Hélas, quand elle pénétra dans la maison avec Thorin derrière elle, ils virent que le troisième larron avait tout vu. C'est un Sandor mort qui s'écroula au sol, tandis qu'une silhouette s'enfuyait dans la nuit, passée par la fenêtre de la masure. Lenka, la main sur son poignard, voulut le suivre, mais Thorin la retint : de la fumée montait du toit. Ils avaient mit le feu à la ferme ! Des nains virent d'autres foyers d'incendie. L'ampleur du feu prit rapidement, et rien ne pouvait être sauvé. Lenka réussit à récupérer quelques affaires avant que la ferme ne soit totalement sous les flammes. Les larmes traçèrent des sillons sur ses joues noires de suie. Son front était rouge, couvert de bleus et de sang.

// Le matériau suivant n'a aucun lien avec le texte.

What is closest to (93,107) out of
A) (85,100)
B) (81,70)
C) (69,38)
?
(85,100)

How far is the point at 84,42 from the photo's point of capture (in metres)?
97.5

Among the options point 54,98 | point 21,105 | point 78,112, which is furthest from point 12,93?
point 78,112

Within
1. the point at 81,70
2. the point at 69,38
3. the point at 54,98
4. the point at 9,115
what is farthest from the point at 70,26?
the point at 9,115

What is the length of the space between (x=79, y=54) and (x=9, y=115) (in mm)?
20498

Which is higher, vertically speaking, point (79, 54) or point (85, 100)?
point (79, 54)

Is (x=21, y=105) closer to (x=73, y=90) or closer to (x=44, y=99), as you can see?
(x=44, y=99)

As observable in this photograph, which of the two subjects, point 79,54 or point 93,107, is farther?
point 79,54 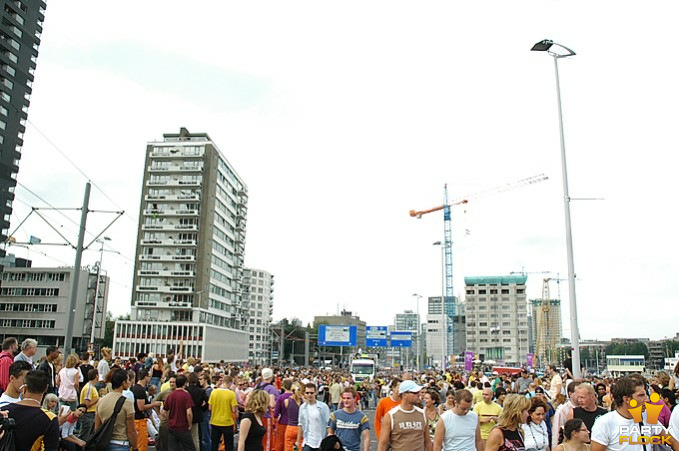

« On a frappé à la porte  j'ai cru que c'était l'un de vous. J'ai ouvert ; un poignard m'a frôlé. J'ai cru un instant encore que c'était vous, et ma rage envers votre équipe a prit un tel degré que j'ai frappé sans réfléchir. Mais ce n'était pas vous ; mon poing visant la hauteur d'une tête de nain n'a frappé qu'un estomac. Ils étaient nos voisins ; nous les avions aidé il y a peu car leur ferme avait subi des dommages à cause d'un orage ... Ils auront alors pu prendre la mesure de nos possessions ... Mais pourquoi avoir tué mon père ?! »

Lenka porta ses mains à son visages et ravala un sanglot. Les nains essayèrent de la réconforter. Ils regardèrent jusqu'au matin la ferme brûler, puis, quand l'aube se leva, ils s'en allèrent avec leurs affaires, emmenant avec eux la naine inconsolable.